I would suggest before diving deeper into Adversarial ML, you should have a certain level of familiarity with fundamental deep learning concepts such as optimization, gradient descent, deep networks, and so on. In case you want some good resources you can check out Deep Learning Book, PyTorch Tutorials, or any resources that might be helpful to understand the underlying concepts.

So let’s start but before that why not talk about a few terminologies that we are going to use throughout the series?

What are adversarial attacks -

An adversarial attack is a technique used to intentionally manipulate or trick a machine learning model by introducing carefully crafted input called perturbations that are designed to cause the model to produce incorrect output or in general misclassify the labels. Adversarial attacks can take many forms, but some common examples include adding imperceptible noise to an image or text input, modifying a small subset of the input data, or changing the distribution of the input data. Adversarial attacks are a concern in many machine learning applications, such as computer vision, natural language processing, or speech models.

Difference between Targeted and Untargeted attack: In the case of a non-targeted attack, the generated adversarial images can be assigned to any class but on the other hand, targeted adversarial images are specific to particular classes.

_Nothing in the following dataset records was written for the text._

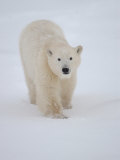 Polar Bear in Churchill Manitoba Photographic Print by Keith Levit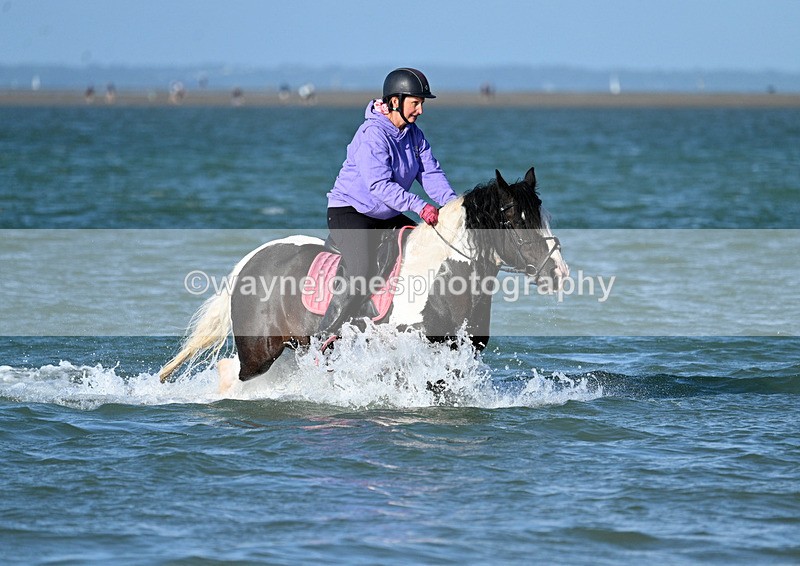 WJ7_3506 - Kellie & Churchill ... do Hayling Island 25-08-24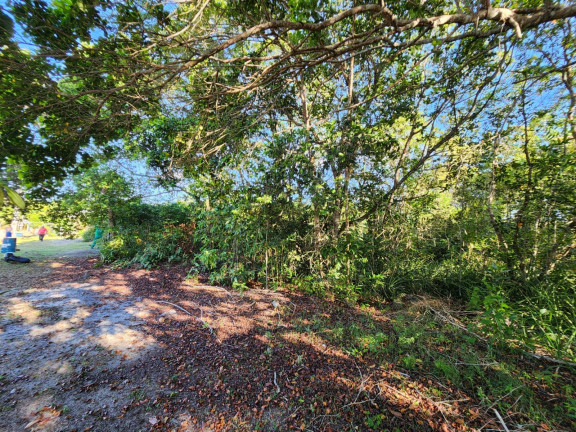 Imagem Terreno à Venda, 816 m² em Ponta Negra - Manaus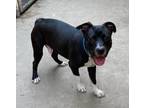 Adopt Kobie a Black - with White Mixed Breed (Medium) / Mixed Breed (Large) /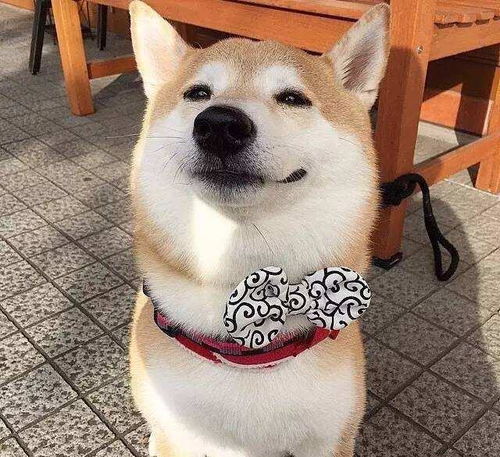柴犬这种狗不简单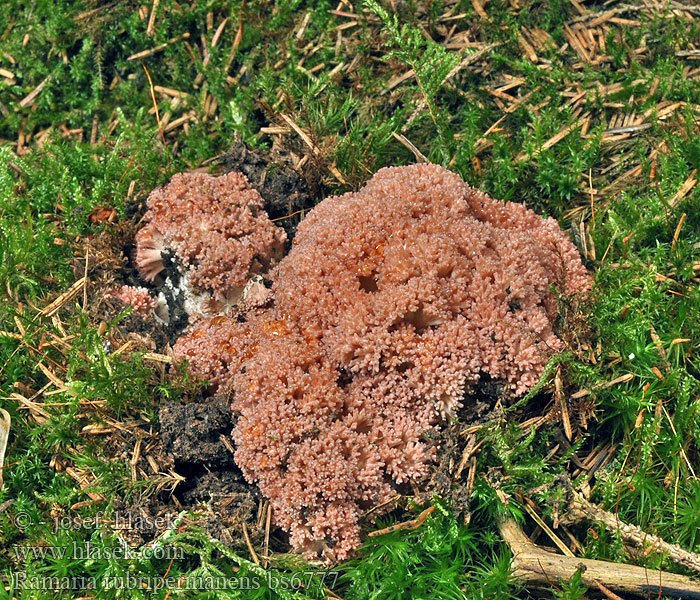 Ramaria rubripermanens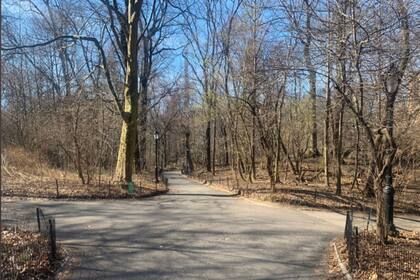 Donde antes se aglomeraban las multitudes hoy reina la tranquilidad.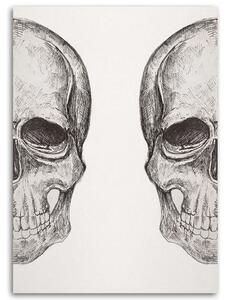 Obraz na plátně Náčrt dvou lebek - Jan Perit Kablan Rozměry: 40 x 60 cm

Difference between White box and Black Box attack: A white box attack is an attack scenario where the attacker has access to the target model such as its model’s architecture and its parameters. On the other hand, a black box attack is an attack scenario where the user has no access to the model but can only access inputs and observe the outputs.

There are two other important methods of attack such as backdoor attack (poisoning) and Gradient-based attack. In the first case, the attacker has access to the network learning process and the training data, and in the latter one, the attacker tries tricking an already trained model by generating adversarial examples from the inputs.

So in this blog let’s first discuss the gradient-based attack.

Let’s begin by exploring some practical applications while simultaneously learning the relevant theory. I will be incorporating some mathematical concepts along the way, which may significantly enhance the complexity of the topic. However, I will try to provide relevant links and explanations to ensure that it remains clear and understandable.

To start, I will use a pre-trained ResNet18 model by PyTorch to classify the image of a Indigo

from PIL import Image
from torchvision import transforms

indigo_img = Image.open("indigo.jpg")
preprocess = transforms.Compose([
   transforms.Resize(224),
   transforms.ToTensor(),
])
indigo_tensor = preprocess(indigo_img)[None,:,:,:]
plt.imshow(indigo_tensor[0].numpy().transpose(1,2,0))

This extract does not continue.